Enquanto a televisão joga flores na tradicional maratona da tocha olímpica, idealizada pela primeira vez nas Olimpíadas da Alemanha em 1936, pelo governo nazista, com intuito obscuro de difundir a ideologia doentia e ariana de Adolf Hitler, eu sinto pelos desrespeitos aos direitos humanos na China Olímpica. Pelos abusos do governo, pelos despejos forçados, pela perseguição aos críticos e pela violação aos direitos de liberdade de expressão e de imprensa.

O que presenciei neste sábado, dia 4 de junho de 2016, percorrendo as ruas da minha querida cidade Natal, da Fortaleza dos Reis Magos, das ruas da velha, abandonada e deteriorada Ribeira, das ladeiras da Cidade Alta e dos cruzamentos de Ponta Negra, foi a realização de um evento esplendidamente bonito, estruturado, organizado e controlado (quase militar), que força aos meios de comunicação a agirem quase como canais de propaganda do espírito feliz das Olimpíadas.

Mas que bom que ainda há espaço para o outro lado da notícia. O lado da bandinha de carnaval e sua fanfarra de reivindicação contra o não pagamento por parte da Prefeitura. Dos vários manifestantes com faixas e cartazes de “Fora Temer” no cruzamento da feirinha de Ponta Negra e do senhor com uma tocha gigante, correndo ao lado da original, com dizeres fazendo referências aos últimos, e não poucos, casos de corrupção descobertos no país.

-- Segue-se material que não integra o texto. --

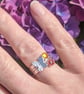 Sterling silver stacking ring set - Image 4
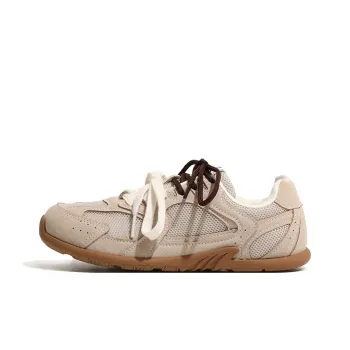 Dafu leaps forward Skateboard Shoes Women's Low Top Beige, Pink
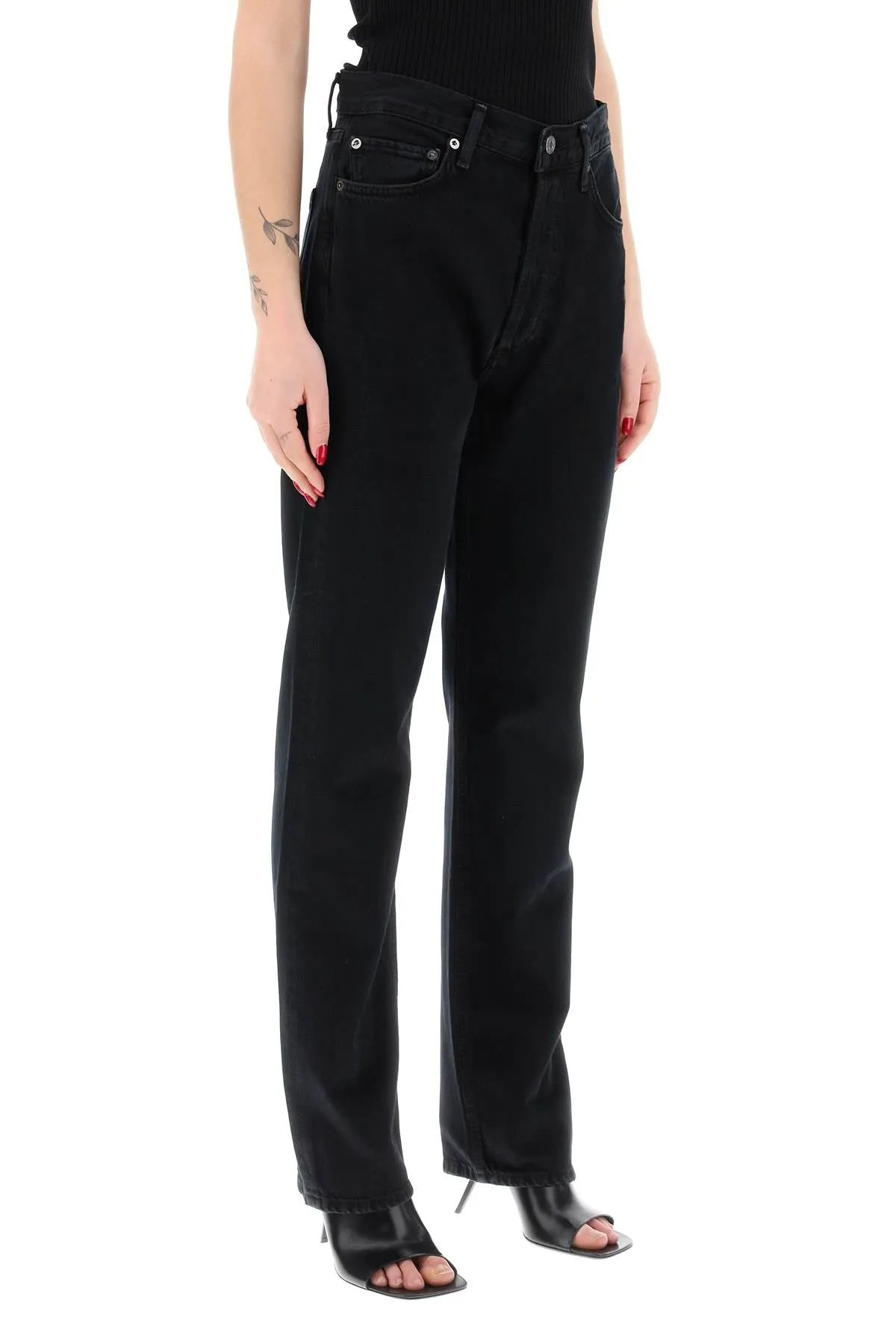 90's pinch waist high-waisted
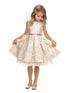 Girls Multi Color Pleated Floral Jacquard Flower Girl Dress 2-16 - SophiasStyle.com
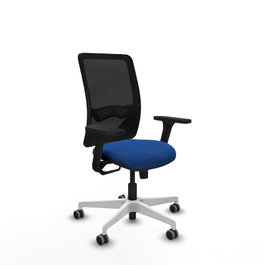 PIQUERAS Y CRESPO Silla de oficina Zulema con mecanismo Sincro, Azul y Negro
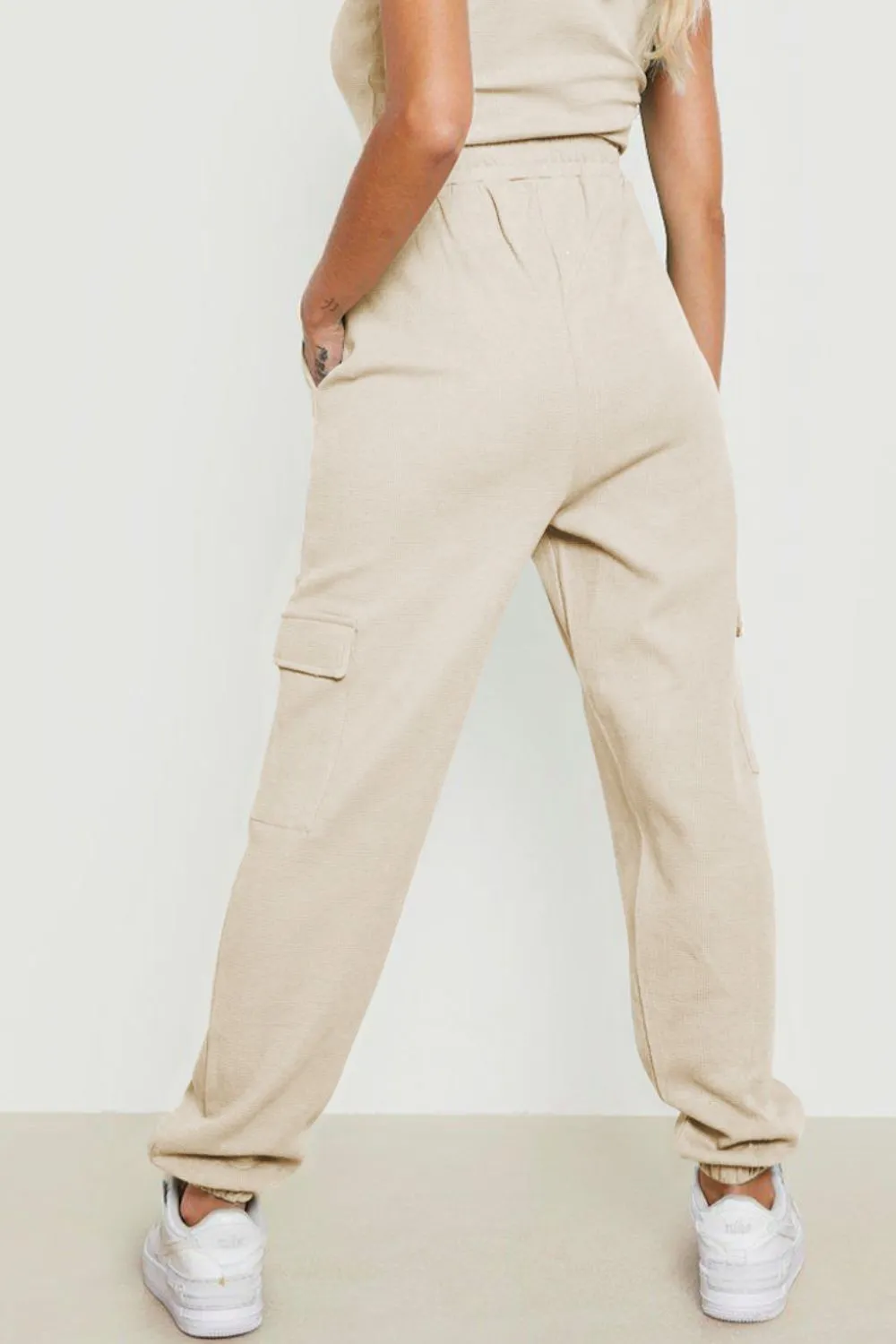 Send A Postcard Drawstring Pocketed Joggers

Eu sei que a grande maioria dos meios de comunicação fazem o possível para não discutir questões que possam estragar a grande festa olímpica, mas se ninguém falar, os próximos, incluindo o Brasil, irão passar pelo mesmo e pagar preços altos por isso.

A festa é bonita, mas tem um preço incalculável. Um preço jorrado por sangue e suor. Por trás do espírito olímpico e unidade de nações, há também um interesse político e econômico, que visa atrair negócios ao custo dos desrespeitos aos direitos humanos e as liberdades civis mais básicas.

Como escreveu o jornalista americano Dave Zirin, “todos os eventos esportivos internacionais tendem a agir como Cavalos de Tróia neoliberais, devorando nosso amor por esportes para impingir uma série de políticas que em qualquer outra situação seriam categoricamente rejeitadas”.

Os significados de fraternidade e de união das nações propagados pelo espírito olímpico podem até ser legítimos, mas na prática os jogos olímpicos da era moderna passam quilômetros e quilômetros longe de torná-los verdadeiros e reais.

Na realidade, as Olimpíadas não passam de um carnaval do esporte que atropela, sem pena e sem dó, os direitos básicos das populações menos favorecidas.

Menos mal que, por aqui, por essa Terra do Elefante, a tocha esteja apenas de passagem.